After installation, this function can be run using:

`a=extract_snp_bulk('Example_GRS')`

It can be a little slow but it prints to screen which chromosome it's on. The output is similar to extract_snp. It is a list of two elements, genotypes and variants. This time there are multiple columns for the genotypes, named 'chr:bp_A0_A1', and multiple rows for the variants, one for each SNP. The variants table looks like hte following:

![image](https://user-images.githubusercontent.com/36624710/215066013-9689fd7f-5bae-447e-b16b-407d88a91397.png)

## generate_grs

*Calculate a genetic risk score using SNP weights*

This function takes a weight file, which must have the columns chromosome, base pair, other, effect, and weight, and calculates a genetic risk score applying the formula $\sum \beta_{i}G_{i}$, where $\beta_i$ is the weight for snp $i$ and $G_i$ is the individuals's imputed genotype for SNP $i$. This can be run using

`a=generate_grs('Example_GRS')`.

Note that this is the same file used in the extract_snp_bulk function. This is intentional, as it allows users to check each any individual SNP in the GRS easily without generating a new file. The output is a data frame with two columns, the eid and the calculated risk score.

Side note: Although the term 'genetic risk score' is used throughout this repository, as it was designed for disease phenotypes, this function is equally applicable for generating genetic scores for continuous traits (which are technically NOT risk scores as they do not confer a risk - https://www.nature.com/articles/s41586-021-03243-6).

The ouptut is a list which contains:

* `a$grs` is a data frame with eid and the genetic risk score
* `a$missing` is a list of snps that were not extracted from the bgen file
* `a$snp_data` is the dosage file. This contains the output of `extract_snp_bulk('Example_GRS')` and can be used to check maf, HEW, etc

## For internal Exeter use

There is a script available at https://universityofexeteruk.sharepoint.com/:u:/r/sites/GeneticsofComplexTraitsTeams/Shared%20Documents/R,%20STATA%20and%20other%20coding%20tips/GRS_DNA_Nexus_EXAMPLE.R?csf=1&web=1&e=dk7xaY

This uses the scripts to extract phenotypes from the healthcare records available at https://github.com/hdg204/UKBB to derive a basic prostate cancer phenotype and test the genetic risk score, plotting the distribution within cases and controls, and the ROC AUC of an integrated model including age at baseline.
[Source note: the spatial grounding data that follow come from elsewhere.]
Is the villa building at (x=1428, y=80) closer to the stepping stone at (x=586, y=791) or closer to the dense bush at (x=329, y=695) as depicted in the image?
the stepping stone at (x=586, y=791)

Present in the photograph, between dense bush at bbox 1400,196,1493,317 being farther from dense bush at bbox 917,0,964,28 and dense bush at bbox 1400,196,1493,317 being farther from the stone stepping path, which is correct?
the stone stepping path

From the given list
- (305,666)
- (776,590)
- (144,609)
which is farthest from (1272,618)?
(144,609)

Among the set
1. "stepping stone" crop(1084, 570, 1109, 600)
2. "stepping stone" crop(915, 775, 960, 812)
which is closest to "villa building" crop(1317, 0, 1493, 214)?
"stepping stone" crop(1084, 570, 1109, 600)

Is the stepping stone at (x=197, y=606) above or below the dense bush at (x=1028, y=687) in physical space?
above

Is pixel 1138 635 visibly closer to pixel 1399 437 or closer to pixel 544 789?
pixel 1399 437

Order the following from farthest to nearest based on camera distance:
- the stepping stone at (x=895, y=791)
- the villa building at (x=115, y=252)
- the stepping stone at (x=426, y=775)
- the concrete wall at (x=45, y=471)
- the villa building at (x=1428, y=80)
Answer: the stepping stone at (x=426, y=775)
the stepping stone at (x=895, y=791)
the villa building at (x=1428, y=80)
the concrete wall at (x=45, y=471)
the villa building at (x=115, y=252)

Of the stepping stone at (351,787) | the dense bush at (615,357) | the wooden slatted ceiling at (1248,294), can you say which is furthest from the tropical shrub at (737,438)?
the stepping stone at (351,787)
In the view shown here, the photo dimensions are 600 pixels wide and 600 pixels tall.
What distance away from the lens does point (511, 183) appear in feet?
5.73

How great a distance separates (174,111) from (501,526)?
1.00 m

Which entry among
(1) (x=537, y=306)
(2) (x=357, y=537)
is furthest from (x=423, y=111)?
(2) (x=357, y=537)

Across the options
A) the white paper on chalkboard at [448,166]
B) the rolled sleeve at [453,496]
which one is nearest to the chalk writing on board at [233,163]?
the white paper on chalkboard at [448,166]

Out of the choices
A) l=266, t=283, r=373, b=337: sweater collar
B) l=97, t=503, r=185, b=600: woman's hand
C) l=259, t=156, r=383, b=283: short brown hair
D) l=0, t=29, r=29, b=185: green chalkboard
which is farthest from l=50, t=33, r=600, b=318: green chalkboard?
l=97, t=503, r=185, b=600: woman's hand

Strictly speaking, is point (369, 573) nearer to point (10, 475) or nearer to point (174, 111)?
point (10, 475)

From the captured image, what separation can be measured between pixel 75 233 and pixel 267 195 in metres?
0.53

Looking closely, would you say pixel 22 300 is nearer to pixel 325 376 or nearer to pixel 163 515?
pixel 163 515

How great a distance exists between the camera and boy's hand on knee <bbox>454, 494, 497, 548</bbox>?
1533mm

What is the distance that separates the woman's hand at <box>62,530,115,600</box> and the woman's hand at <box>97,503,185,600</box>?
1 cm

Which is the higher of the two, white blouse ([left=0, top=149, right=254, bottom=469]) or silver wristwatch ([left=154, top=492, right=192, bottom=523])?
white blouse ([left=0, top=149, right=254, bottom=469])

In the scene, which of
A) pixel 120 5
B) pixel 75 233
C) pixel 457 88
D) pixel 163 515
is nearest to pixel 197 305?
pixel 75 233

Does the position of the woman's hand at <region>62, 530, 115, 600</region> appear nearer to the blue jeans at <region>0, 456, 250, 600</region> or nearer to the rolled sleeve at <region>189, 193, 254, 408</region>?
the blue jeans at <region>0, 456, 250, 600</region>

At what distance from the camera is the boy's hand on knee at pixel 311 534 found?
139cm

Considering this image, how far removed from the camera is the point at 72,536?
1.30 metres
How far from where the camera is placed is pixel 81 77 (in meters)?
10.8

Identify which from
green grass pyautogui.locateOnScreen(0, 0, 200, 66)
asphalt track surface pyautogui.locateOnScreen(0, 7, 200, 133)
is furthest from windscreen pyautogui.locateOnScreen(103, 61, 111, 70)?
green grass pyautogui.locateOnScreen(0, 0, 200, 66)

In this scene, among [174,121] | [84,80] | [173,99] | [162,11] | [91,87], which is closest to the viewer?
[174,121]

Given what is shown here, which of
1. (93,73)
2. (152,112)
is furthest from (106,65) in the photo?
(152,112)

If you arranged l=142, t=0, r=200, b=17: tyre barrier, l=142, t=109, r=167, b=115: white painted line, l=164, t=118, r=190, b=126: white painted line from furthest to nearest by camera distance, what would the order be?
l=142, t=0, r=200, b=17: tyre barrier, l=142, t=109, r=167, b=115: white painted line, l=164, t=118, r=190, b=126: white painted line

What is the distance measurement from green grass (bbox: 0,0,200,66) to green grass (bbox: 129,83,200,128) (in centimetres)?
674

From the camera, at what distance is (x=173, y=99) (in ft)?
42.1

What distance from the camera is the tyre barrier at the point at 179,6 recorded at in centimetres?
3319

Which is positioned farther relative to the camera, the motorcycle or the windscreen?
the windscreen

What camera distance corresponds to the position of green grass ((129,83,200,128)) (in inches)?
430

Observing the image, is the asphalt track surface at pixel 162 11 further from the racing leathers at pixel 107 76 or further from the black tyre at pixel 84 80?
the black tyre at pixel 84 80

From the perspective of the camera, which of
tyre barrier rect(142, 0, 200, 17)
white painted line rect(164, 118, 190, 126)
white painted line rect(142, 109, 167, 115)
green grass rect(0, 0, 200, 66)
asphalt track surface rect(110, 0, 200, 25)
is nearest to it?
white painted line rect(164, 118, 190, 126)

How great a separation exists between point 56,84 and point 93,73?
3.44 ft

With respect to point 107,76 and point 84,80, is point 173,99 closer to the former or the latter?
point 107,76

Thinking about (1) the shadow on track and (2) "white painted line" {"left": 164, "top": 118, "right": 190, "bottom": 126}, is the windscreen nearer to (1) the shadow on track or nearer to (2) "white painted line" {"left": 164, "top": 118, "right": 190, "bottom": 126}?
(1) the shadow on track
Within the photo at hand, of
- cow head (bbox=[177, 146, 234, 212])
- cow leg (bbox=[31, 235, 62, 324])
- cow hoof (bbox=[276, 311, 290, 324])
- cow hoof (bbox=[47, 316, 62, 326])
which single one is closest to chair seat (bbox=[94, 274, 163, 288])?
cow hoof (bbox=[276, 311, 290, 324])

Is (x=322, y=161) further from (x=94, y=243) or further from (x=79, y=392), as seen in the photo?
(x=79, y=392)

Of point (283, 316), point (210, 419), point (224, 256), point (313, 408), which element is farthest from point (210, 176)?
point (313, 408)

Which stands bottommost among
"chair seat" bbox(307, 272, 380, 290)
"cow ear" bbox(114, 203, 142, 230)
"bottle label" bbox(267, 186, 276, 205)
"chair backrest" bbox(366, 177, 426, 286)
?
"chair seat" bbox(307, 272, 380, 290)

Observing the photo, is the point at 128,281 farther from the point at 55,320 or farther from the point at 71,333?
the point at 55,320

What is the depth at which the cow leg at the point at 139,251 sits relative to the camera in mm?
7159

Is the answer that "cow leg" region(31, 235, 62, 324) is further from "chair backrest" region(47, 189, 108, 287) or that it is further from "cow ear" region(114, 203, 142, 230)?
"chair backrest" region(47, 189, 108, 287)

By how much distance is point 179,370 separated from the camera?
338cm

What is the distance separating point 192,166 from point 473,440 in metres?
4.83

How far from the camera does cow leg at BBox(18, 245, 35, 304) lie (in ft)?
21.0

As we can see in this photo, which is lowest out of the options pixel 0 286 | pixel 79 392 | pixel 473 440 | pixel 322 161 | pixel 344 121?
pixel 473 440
The following figures should be produced.

![image](https://user-images.githubusercontent.com/36624710/215073173-33e98653-aaaa-4c8a-a914-21288927574b.png)
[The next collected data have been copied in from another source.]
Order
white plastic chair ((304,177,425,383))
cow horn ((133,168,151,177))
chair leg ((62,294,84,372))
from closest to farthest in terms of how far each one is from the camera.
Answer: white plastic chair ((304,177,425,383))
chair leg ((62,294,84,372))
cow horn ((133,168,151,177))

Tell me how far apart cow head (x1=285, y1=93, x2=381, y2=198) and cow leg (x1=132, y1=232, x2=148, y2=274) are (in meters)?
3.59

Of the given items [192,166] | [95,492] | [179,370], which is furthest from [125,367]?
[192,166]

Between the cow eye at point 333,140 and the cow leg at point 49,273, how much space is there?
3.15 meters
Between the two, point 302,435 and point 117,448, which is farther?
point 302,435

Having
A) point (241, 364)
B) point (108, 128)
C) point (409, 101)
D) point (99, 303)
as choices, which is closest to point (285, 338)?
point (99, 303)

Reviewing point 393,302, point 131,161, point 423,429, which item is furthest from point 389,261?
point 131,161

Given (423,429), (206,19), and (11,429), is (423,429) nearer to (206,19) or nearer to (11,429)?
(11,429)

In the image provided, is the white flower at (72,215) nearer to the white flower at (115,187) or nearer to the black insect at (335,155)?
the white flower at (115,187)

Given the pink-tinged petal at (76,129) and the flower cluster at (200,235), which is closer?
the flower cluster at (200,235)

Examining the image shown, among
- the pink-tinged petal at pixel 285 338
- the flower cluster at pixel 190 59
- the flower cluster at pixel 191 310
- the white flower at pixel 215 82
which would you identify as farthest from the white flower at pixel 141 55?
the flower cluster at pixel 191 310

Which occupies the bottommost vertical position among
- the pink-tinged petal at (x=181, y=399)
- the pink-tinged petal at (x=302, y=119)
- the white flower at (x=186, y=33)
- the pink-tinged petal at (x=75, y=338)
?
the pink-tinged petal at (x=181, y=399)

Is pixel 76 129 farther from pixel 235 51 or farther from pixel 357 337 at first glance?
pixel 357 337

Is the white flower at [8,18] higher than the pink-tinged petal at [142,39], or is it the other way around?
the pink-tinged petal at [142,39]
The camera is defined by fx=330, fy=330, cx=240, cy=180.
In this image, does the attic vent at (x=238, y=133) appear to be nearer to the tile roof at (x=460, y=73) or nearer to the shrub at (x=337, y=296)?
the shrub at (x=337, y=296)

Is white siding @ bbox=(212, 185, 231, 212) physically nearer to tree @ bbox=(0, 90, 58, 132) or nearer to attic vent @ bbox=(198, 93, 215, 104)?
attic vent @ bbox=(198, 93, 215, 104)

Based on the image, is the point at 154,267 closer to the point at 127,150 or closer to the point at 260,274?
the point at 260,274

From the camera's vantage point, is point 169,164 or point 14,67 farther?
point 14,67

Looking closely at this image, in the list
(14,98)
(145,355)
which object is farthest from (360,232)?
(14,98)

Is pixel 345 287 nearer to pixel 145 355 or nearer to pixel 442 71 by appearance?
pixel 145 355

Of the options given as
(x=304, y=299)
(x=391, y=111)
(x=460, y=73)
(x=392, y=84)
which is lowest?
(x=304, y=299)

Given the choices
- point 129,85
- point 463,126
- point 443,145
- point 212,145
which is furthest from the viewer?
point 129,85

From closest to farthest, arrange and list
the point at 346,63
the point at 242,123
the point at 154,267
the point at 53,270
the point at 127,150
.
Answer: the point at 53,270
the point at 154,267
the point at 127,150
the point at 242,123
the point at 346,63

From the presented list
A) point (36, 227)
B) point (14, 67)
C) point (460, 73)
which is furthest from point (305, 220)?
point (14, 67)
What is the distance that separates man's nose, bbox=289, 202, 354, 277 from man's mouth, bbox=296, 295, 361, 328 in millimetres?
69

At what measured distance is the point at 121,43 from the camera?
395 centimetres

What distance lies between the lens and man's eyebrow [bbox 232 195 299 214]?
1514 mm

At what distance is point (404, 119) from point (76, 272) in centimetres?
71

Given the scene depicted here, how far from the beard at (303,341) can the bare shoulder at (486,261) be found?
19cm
![image](https://user-images.githubusercontent.com/36624710/215073242-c4385ef3-ed3b-4b9f-a84d-6ca63216b260.png)

## Acknowledgements

If any of the contained code is used in any academic article, please acknowledge the authors (Harry Green and Bethan Rimmer) include a link to this github repository in the acknowledgements section, and please make any other code used in your article open source.